Work item:
Below are records; the lines starting at the one with "Boni Zespri kiwi gold aanbieding" and ending at the one with "Image for Youth" must be reproduced exactly, both included. Pictures must not appear.

Entries provided:
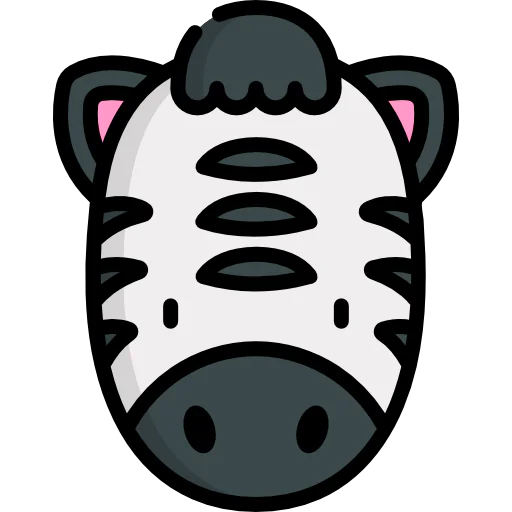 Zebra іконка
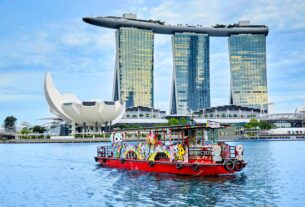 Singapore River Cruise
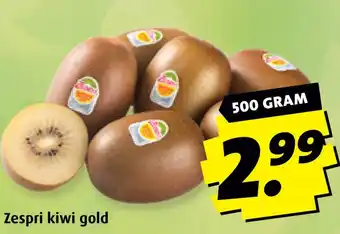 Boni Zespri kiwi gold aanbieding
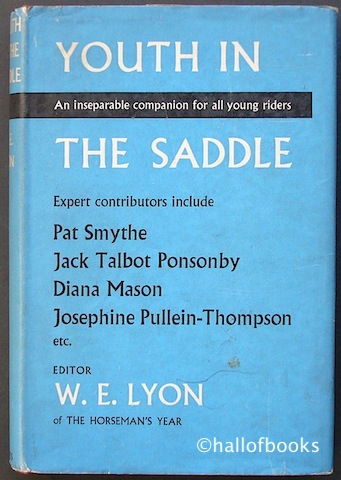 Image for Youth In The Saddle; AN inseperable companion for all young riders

* * *

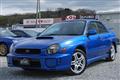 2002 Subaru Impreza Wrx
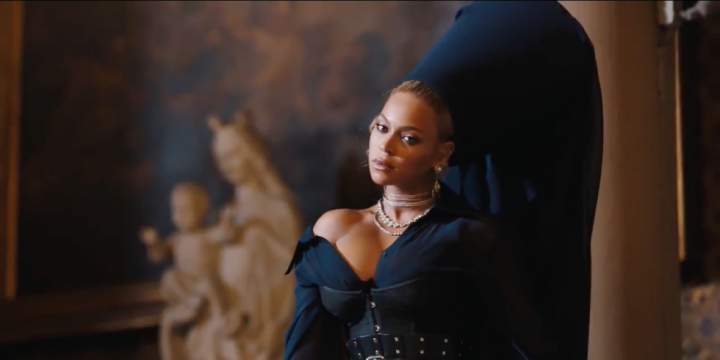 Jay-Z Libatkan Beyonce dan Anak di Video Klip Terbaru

==

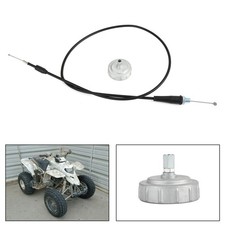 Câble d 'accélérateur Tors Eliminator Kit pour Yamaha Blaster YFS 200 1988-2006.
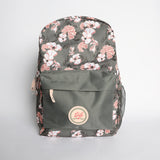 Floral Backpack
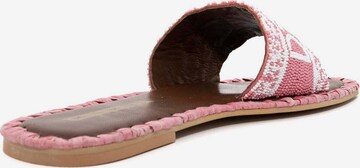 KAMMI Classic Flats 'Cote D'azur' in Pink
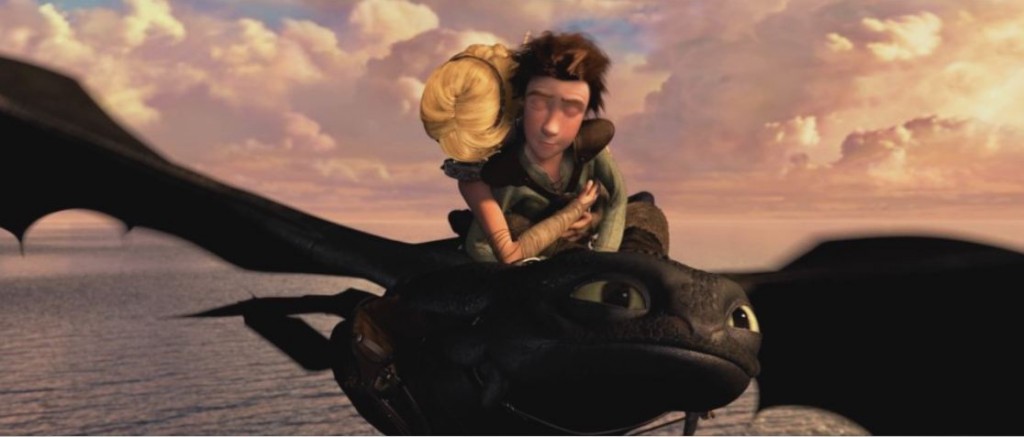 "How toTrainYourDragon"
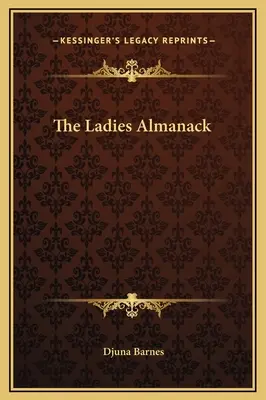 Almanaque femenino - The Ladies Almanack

Exercise output:
 Boni Zespri kiwi gold aanbieding
 Image for Youth In The Saddle; AN inseperable companion for all young riders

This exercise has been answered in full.